__Work instructions__
Copy exactly the lines from the start of the data below through the one that carries "Premium Aluminum Folding", and only those.

__Data shown__
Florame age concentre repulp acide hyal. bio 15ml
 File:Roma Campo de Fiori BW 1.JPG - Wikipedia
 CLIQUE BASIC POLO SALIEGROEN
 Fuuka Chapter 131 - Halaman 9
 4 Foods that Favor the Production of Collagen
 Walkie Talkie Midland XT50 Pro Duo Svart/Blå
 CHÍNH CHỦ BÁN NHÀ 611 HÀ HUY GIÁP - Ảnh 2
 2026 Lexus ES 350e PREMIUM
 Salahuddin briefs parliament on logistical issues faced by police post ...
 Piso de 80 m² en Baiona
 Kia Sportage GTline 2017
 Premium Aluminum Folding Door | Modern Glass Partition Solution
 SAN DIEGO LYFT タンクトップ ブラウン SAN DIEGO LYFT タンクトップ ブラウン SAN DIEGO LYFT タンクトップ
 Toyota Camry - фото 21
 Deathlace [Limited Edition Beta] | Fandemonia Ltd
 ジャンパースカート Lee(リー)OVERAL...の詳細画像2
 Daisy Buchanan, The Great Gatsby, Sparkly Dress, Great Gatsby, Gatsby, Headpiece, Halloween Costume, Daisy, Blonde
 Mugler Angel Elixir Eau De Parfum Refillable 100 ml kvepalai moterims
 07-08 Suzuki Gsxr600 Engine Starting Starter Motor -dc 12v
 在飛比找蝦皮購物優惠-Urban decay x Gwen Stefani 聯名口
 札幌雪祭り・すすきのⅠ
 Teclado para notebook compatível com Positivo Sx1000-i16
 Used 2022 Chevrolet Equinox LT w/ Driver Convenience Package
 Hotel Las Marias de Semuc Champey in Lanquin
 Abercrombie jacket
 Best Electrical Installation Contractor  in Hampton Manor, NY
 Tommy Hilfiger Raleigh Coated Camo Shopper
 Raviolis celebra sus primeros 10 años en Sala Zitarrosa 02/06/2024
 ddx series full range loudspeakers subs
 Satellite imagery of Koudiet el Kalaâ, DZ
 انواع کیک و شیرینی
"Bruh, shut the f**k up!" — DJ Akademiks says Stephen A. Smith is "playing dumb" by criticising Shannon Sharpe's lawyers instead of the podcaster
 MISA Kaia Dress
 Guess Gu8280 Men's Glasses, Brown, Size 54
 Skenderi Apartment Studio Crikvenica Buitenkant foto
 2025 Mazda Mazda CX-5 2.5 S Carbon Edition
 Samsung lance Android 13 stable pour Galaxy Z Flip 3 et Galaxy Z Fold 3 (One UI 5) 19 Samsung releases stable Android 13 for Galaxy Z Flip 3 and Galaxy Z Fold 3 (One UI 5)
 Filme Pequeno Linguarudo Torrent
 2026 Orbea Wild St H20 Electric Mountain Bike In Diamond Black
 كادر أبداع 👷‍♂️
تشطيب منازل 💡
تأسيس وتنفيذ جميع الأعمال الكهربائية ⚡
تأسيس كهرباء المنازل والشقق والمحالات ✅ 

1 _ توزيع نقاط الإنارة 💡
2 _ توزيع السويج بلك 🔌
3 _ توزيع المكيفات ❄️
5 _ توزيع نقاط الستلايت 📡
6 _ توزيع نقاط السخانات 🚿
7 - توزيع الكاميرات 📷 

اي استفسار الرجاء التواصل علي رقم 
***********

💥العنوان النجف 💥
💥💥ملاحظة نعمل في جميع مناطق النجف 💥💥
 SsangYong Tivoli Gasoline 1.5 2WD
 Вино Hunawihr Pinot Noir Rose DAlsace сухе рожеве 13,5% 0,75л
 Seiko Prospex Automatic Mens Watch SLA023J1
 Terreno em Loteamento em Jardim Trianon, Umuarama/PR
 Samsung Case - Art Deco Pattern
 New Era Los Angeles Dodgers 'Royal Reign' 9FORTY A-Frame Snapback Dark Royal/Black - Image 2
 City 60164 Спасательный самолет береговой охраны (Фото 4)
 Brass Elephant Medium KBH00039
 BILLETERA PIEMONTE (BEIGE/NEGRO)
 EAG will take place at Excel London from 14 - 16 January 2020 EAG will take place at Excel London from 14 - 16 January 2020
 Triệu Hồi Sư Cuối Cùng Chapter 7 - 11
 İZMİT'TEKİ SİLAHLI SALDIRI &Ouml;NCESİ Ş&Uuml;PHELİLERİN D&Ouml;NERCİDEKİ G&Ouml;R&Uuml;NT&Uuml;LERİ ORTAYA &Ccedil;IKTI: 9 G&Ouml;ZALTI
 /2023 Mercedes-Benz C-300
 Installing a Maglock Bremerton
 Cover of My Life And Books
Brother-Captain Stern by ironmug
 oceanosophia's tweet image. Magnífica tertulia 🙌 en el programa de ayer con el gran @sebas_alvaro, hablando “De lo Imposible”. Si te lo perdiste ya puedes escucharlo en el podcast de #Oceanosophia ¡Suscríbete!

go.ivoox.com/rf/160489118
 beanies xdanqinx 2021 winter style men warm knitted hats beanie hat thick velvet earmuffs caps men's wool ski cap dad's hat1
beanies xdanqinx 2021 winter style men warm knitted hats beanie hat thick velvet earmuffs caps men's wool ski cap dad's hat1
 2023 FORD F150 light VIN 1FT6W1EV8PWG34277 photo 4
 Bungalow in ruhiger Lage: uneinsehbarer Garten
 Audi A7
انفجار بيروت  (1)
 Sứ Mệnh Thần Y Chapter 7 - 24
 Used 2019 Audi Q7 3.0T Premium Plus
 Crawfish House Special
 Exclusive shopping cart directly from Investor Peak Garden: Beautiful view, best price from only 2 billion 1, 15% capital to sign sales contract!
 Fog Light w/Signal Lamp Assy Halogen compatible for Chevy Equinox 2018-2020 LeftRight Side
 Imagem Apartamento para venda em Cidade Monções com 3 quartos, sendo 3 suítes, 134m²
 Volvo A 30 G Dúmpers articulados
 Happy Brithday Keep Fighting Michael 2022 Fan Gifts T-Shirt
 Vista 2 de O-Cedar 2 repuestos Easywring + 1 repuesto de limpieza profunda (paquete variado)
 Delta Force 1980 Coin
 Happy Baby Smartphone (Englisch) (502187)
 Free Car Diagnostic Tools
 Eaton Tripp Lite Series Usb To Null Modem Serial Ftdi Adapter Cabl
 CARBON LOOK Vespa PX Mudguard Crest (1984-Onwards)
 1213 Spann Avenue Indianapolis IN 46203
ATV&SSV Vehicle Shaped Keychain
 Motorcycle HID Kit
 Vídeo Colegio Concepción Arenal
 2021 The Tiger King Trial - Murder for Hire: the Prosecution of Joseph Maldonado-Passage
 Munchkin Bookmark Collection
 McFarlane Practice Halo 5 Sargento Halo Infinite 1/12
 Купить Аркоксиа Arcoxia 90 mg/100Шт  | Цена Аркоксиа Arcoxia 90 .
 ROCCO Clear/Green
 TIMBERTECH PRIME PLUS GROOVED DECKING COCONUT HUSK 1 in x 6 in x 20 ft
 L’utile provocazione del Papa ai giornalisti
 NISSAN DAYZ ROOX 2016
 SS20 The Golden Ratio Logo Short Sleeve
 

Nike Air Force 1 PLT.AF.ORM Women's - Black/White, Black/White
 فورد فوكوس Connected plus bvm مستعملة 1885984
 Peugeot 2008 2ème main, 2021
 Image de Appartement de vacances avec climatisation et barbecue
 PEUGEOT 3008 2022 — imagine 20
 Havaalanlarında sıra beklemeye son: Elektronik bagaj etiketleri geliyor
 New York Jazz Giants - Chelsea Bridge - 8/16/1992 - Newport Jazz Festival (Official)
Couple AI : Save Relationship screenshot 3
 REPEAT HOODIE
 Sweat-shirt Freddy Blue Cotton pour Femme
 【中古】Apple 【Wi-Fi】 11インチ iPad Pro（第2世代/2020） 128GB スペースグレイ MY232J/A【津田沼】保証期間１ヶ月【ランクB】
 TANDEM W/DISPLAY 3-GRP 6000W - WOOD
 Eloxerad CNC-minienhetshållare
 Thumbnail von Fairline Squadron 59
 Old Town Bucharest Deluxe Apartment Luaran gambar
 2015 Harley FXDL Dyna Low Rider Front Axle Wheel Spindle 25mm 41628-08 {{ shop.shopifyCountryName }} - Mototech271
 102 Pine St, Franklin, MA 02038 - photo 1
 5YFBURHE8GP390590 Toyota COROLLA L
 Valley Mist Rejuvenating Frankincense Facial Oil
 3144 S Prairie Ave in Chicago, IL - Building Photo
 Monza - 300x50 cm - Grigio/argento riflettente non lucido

__Result of the task__
Florame age concentre repulp acide hyal. bio 15ml
 File:Roma Campo de Fiori BW 1.JPG - Wikipedia
 CLIQUE BASIC POLO SALIEGROEN
 Fuuka Chapter 131 - Halaman 9
 4 Foods that Favor the Production of Collagen
 Walkie Talkie Midland XT50 Pro Duo Svart/Blå
 CHÍNH CHỦ BÁN NHÀ 611 HÀ HUY GIÁP - Ảnh 2
 2026 Lexus ES 350e PREMIUM
 Salahuddin briefs parliament on logistical issues faced by police post ...
 Piso de 80 m² en Baiona
 Kia Sportage GTline 2017
 Premium Aluminum Folding Door | Modern Glass Partition Solution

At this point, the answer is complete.